*WHAT IS REQUIRED*:
Write out all the data verbatim. Skip images.

*DATA SECTION*:
+ + + + +
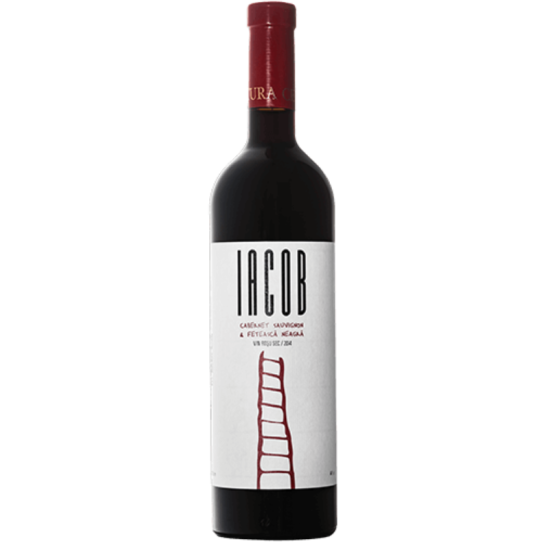 Davino Iacob Rosu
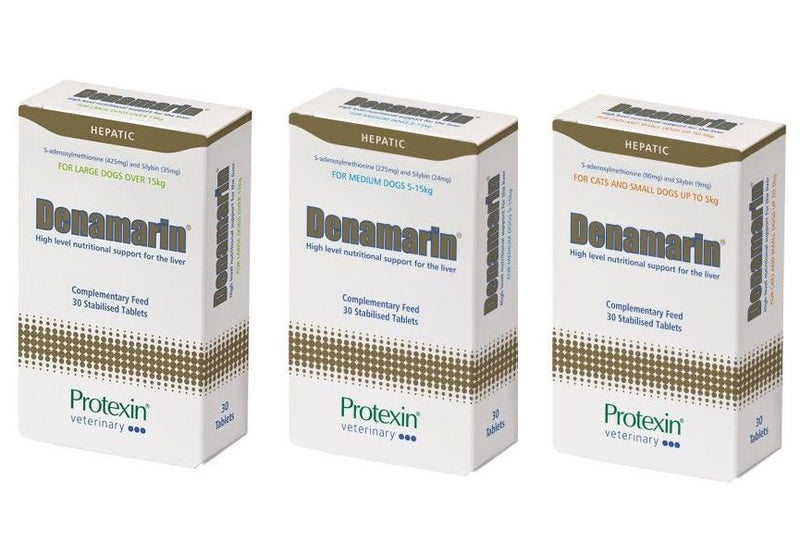 Protexin Denamarin Tablets for Dogs & Cats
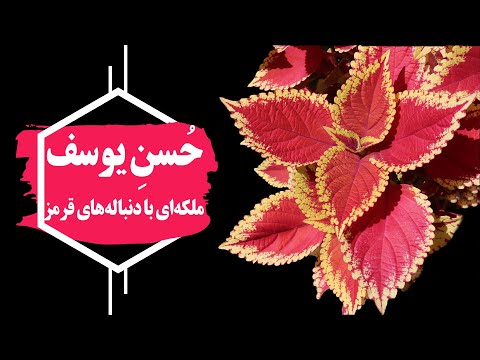 تصویری: چگونه از کالانچو کالندیوا مراقبت کنیم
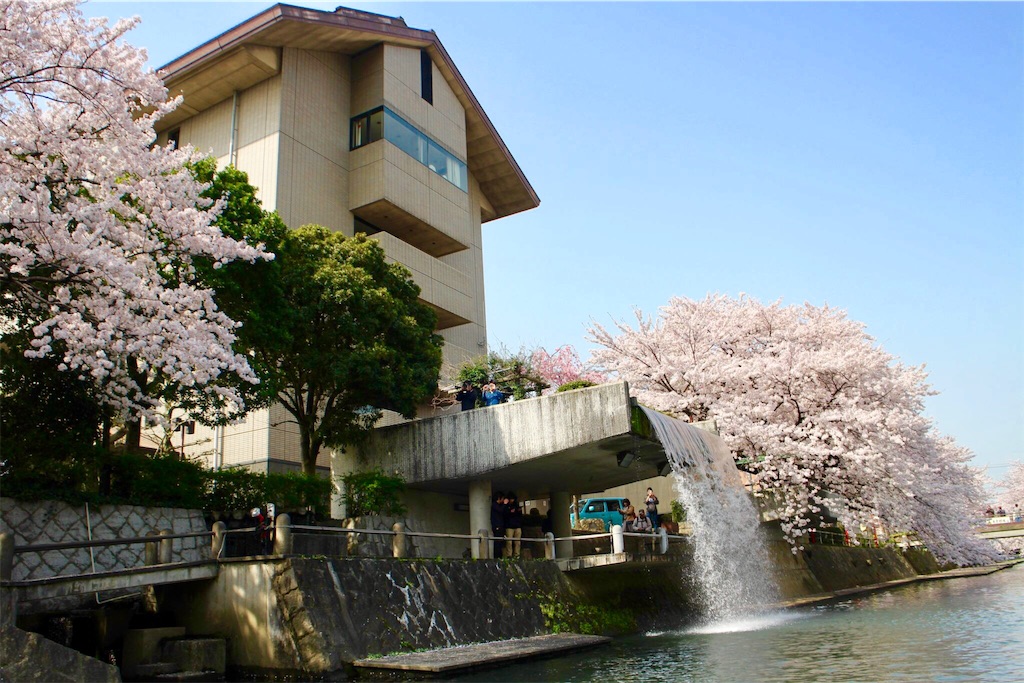 f:id:nichinichisou0808:20190721065453j:image f:id:nichinichisou0808:20190721065453j:image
+ + + + +
*TASK RESULT*:
 Davino Iacob Rosu
 Protexin Denamarin Tablets for Dogs & Cats
 تصویری: چگونه از کالانچو کالندیوا مراقبت کنیم
 f:id:nichinichisou0808:20190721065453j:image f:id:nichinichisou0808:20190721065453j:image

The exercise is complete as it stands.